There have been few new café openings that I’ve been as excited about as the arrival of Single Estate’s first flagship store in The Hague or Den Haag in Dutch. I had been following the formation of the concept, the selection of the right location and the ensuing implementation with great interest because, in my view, Single Estate was one of the last important Dutch specialty coffee roasters who had so far been missing the consumer-facing outlet that competitors like Lot Sixty One or Bocca had long-established with great success.
Yet, choosing the right city and then finding the perfect location wasn’t quite as easy as Bas Burghoorn and Patrick Groenewold had imagined. At first, Rotterdam and Utrecht were just as likely to become the new home as The Hague and Amsterdam but it soon transpired that the Dutch administrative capital would be the first choice.
And as it turned out during my visit to The Hague yesterday, the city has a lot more going for it than most people give it credit for. During my last meeting with Bas and Patrick, they had painted a picture of the vibrant neighbourhood the new café would be in and told me just how beautiful the space they had found turned out to be after they started the renovation work. It turned out, the hundred-year-old building had some surprises in store.

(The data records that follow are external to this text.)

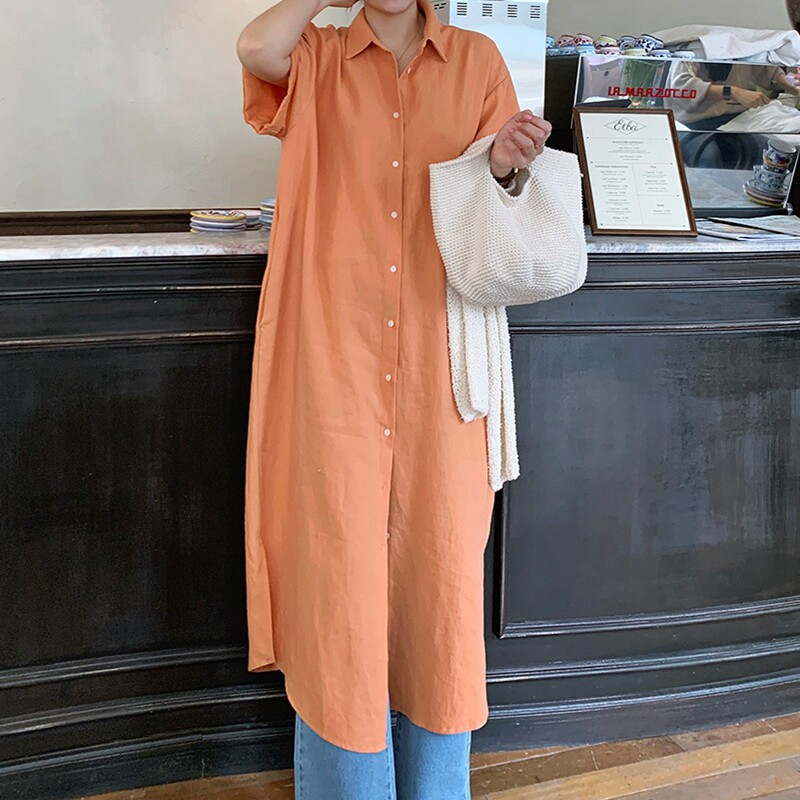 知性直筒宽松亚麻衬衫式中长显瘦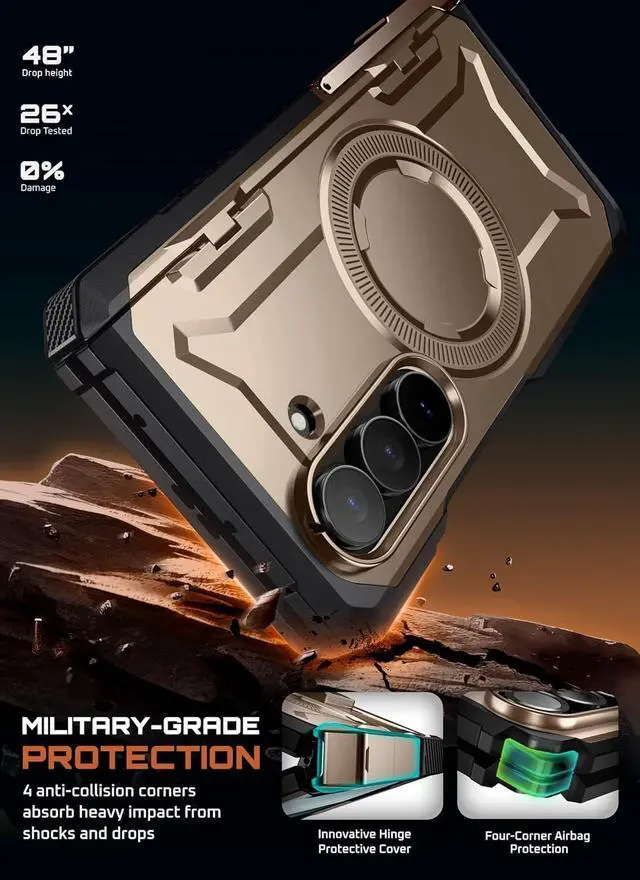 Alt view image 3 of 7 - SUPCASE for Samsung Galaxy Z Fold 7 Case with Kickstand (UB Grip), [Compatible with MagSafe] [Built-in Tempered Glass Screen Protector] [Hinge Coverage] Military-Grade Protection Phone Case, Desert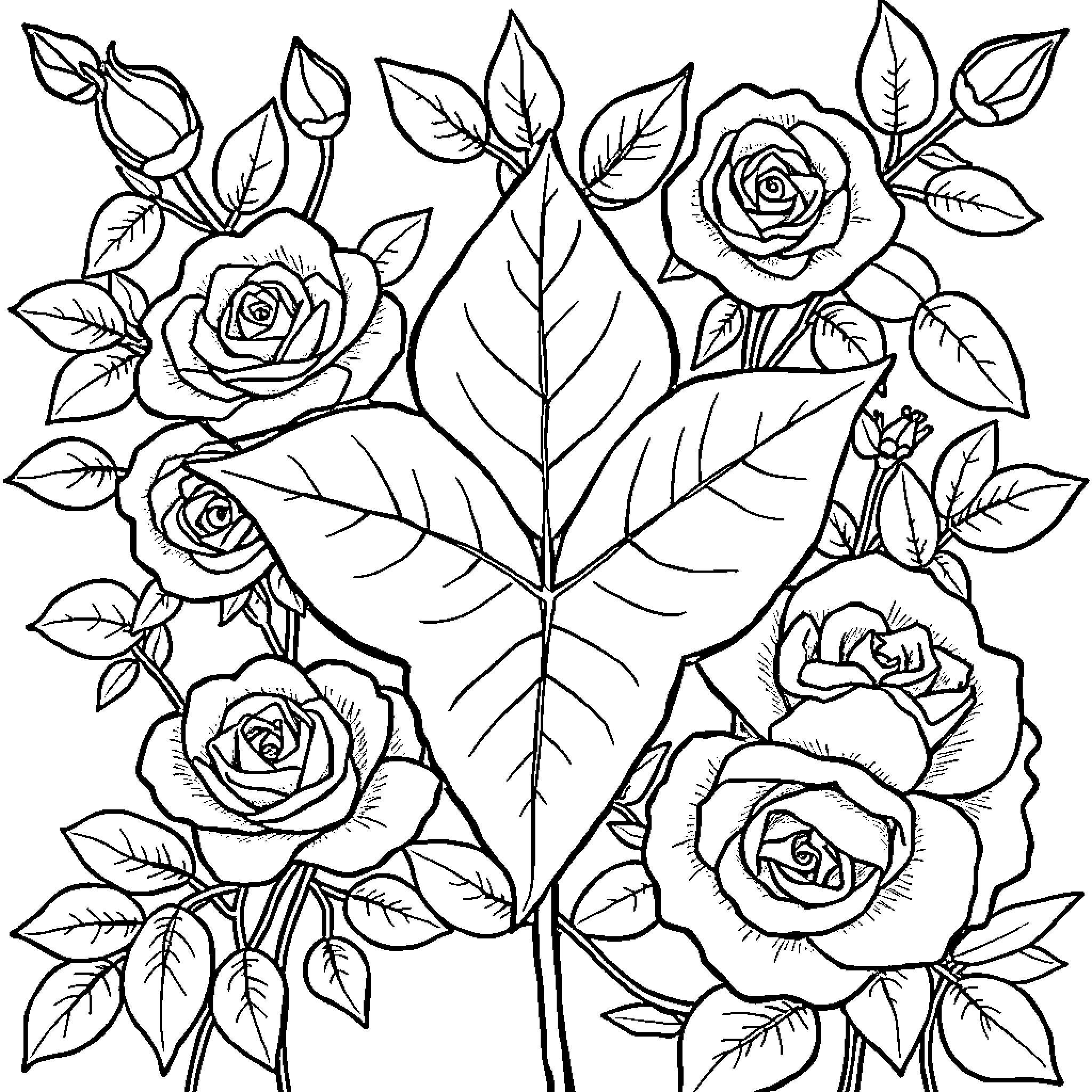 Ivy Leaf with Intricate Floral Patterns Coloring Page (free black-and-white line drawing printable PDF for all, from beginners to advanced learners, including children, teens, adults, and seniors)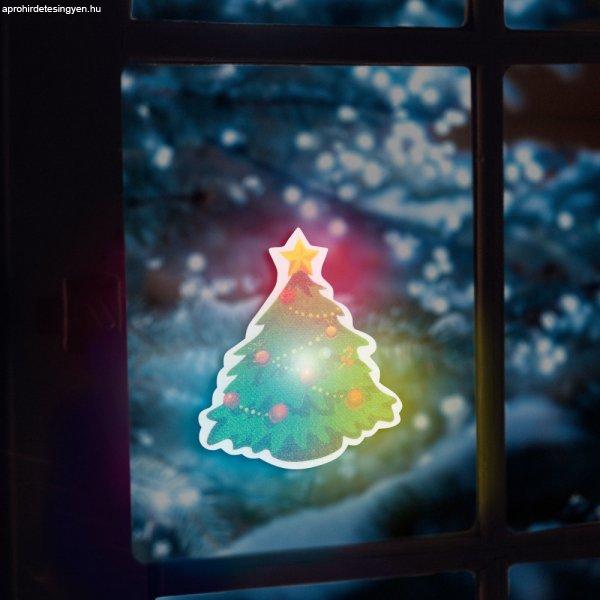 Karácsonyi RGB LED dekor - öntapadós - fenyőfa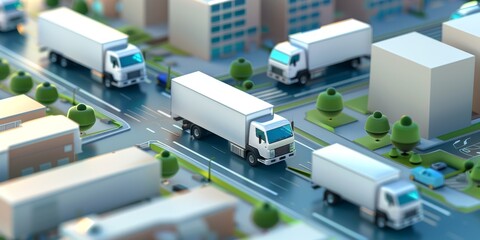 City Map with Delivery Trucks - Cartoon Style Vector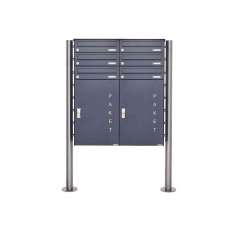 Briefkasten Manufaktur Basic | 6er 3x2 Paketbriefkasten freistehend BASIC 863 ST-R mit Paketfach 550x370 in RAL 7016 anthrazitgr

I personally hadn’t visited this part of The Hague before but immediately, as I turned onto Piet Heinstraat, I noticed a really bohemian vibe that this year’s Dutch Barista Champion Wendelien Van Bunnik Verve likened to Notting Hill in London. What first struck me the most about Single Estate’s flagship café was the massive windows that offer almost 20m of uninterrupted natural daylight and flood the space in warmth.
Designed by Ninetynine, the same architecture practice that created famed Amsterdam restaurant Entrepot, the Single Estate Café offers the perfect mix between functionality, elegance and perfect use of space by placing a large bar along one side, seating along the windows and creating a training space in the stunning mezzanine that overlooks the inside from a discreet distance.
Patrick was on hand to show us around the space and before too long, we also popped our heads into the kitchen where pastry chef Kiki was preparing to roll out freshly made puff pastry, cut it into shape and then roll the pieces into beautiful little croissants. My friend Meg quickly got roped into the process and seemingly found her new calling judging by the joy on her face.
Back in the café, I got a chance to speak with Wendelien who was clearly in her element preparing stunning coffees on the beautiful Modbar espresso machine that was purposefully chosen to encourage dialogue between the customer and the barista. It didn’t take long before people pulled up a stool or two and sat down in front of Wendelien while she engaged in her routine.
After we sat back down on the sofa, Meg and I finally had a chance to take it all in and what better way to do that than by tucking into one of Kiki’s incredible pastries and a freshly brewed cup of coffee courtesy of Patrick. I probably don’t need to tell you just how delicious that strawberry cheesecake croissant and the hazelnut cream cruffin were. All I could muster was washing down that flakey goodness with big gulps of my natural-processed Ethiopian coffee from Kebede Maro and try to come up with words that would do this place justice.
I think when a place has thought of every single detail, including folding and stickering in the spare toilet rolls in the loo and the delivery is so flawless only two weeks after opening, then you know you are sitting somewhere really special.